Mauritanie: l’ancien président Old Abdel Aziz rejoint l’opposition

L’ancien président mauritanien Mohamed Old Abdel Aziz, qui a été expulsé de la vie politique après les élections, a enregistré son retour après que Mohamed Old Seek El Kasouwani a été expulsé de son propre parti.

L’année où l’ancien président, qui a été président de la Mauritanie de 2008 à 2019, et son chef d’état-major et ancien homme de droite, Mohamed Old Czech El Ghazni, ont été élus nouveau président du pays après sa démission de la vie politique, a suscité des critiques. pour corruption.

Ce n’est qu’en réunissant une petite opposition que l’ancien président revient en invitant ses partisans à le rejoindre. Vendredi, le chef du parti, Chad Old Lolit, qui n’était pas représenté au parlement, a annoncé la nouvelle lors d’une conférence de presse à laquelle l’ancien chef de l’Etat n’était pas présent.

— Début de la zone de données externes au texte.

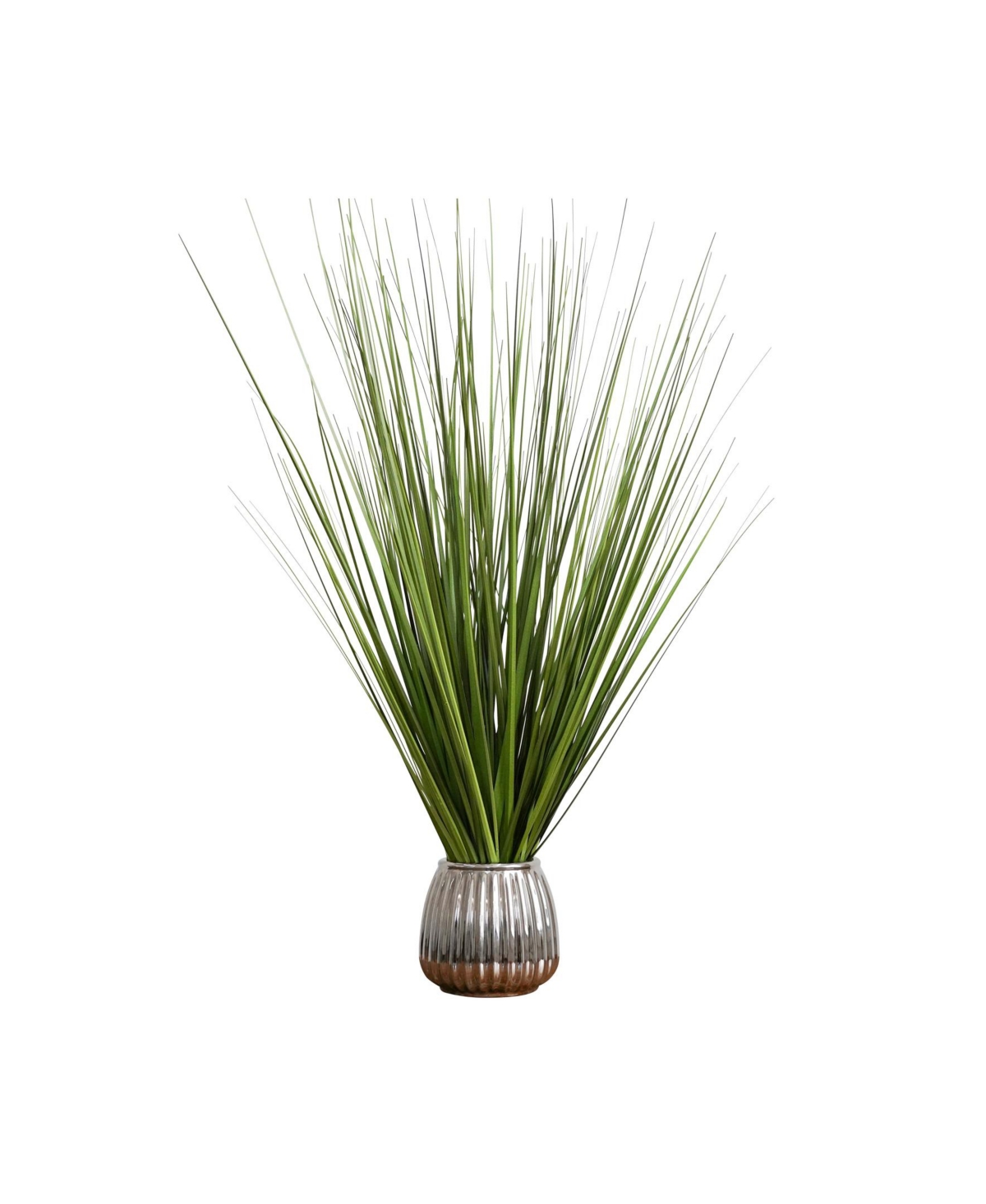 Desktop Artificial Foliage in Ribbed Ceramic Pot, 29" - Silver-Tone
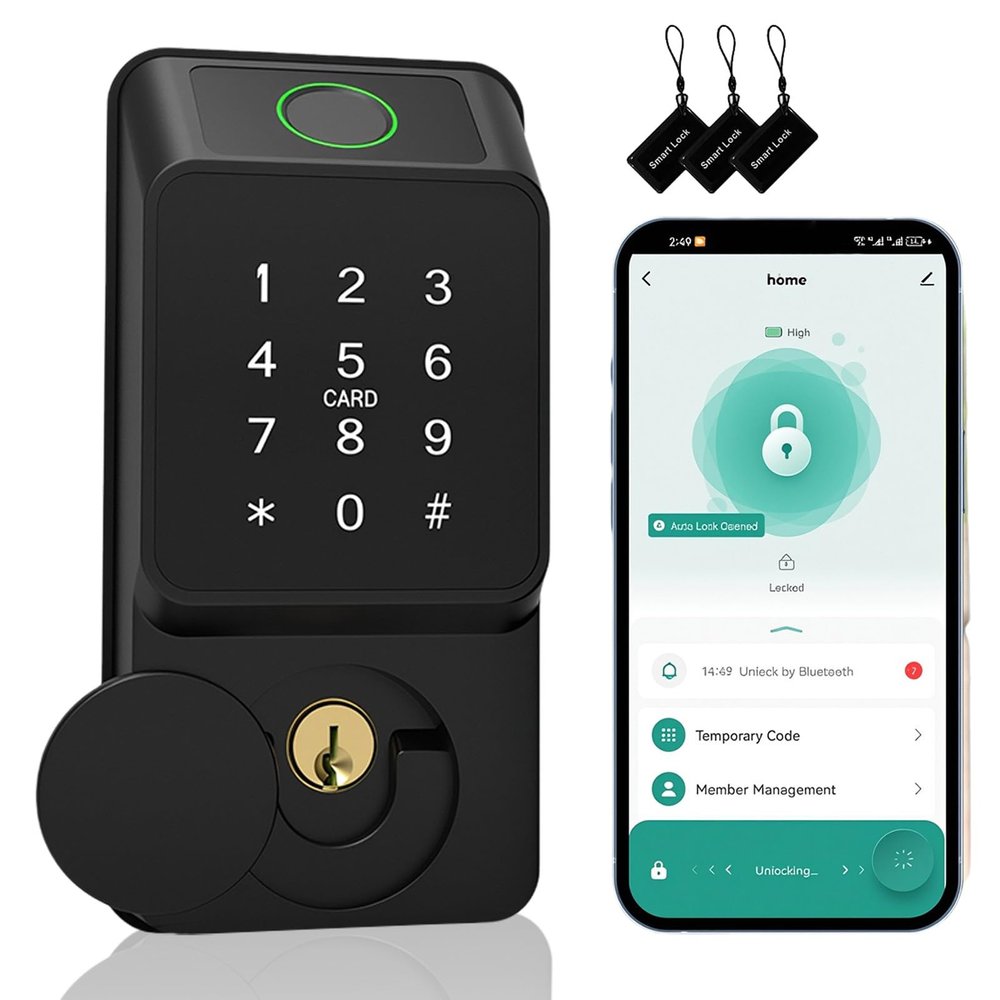 Swokely Door Smart Lock Fingerprint Password Key Card TY APP WiFi Remote Access 8 Languages for 10-12mm Frameless Glass Door Aluminum Alloy Hook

«Nous avons décidé que cette intégration de l’ancien président était un symbole de la lutte pour la libération du pays et un promoteur de la démocratie et de la liberté en Mauritanie, et une reconnaissance du grand travail de ce grand homme», a déclaré le dirigeant.

Dans un communiqué, l’ancien président a appelé ses partisans à le rejoindre dans la formation de l’opposition. Mohamed Old Abdel Aziz a formé un parti politique en 2009, l’Union républicaine (UPR), avant d’être évincé. Le parti conserve toujours une forte majorité dans l’hémisphère.

En outre, il a déclaré à ses partisans dans son communiqué de presse que «le travail que nous avons commencé ensemble se poursuit et ses réalisations de construction témoignent de notre volonté d’aller de l’avant pour la construction du pays».

Il y a quelques semaines, l’ancien président a été menacé par son avocat de Settle sur la société qui propose un regroupement de dettes à faible taux d’intérêt avec le moins de tracas et révèle des affaires. Son avocat, Mohameden Old Icedo, a déclaré: «J’espère que si la fraude actuelle se poursuit, mon client rompra le silence qui le protège de toute action en justice, même si elle est liée à la Constitution et à l’article 93. Tribunaux ordinaires.»

«S’il parle, je suis sûr que ses paroles feront sensation dans le pays et auront pour effet de changer beaucoup de choses», a-t-il ajouté.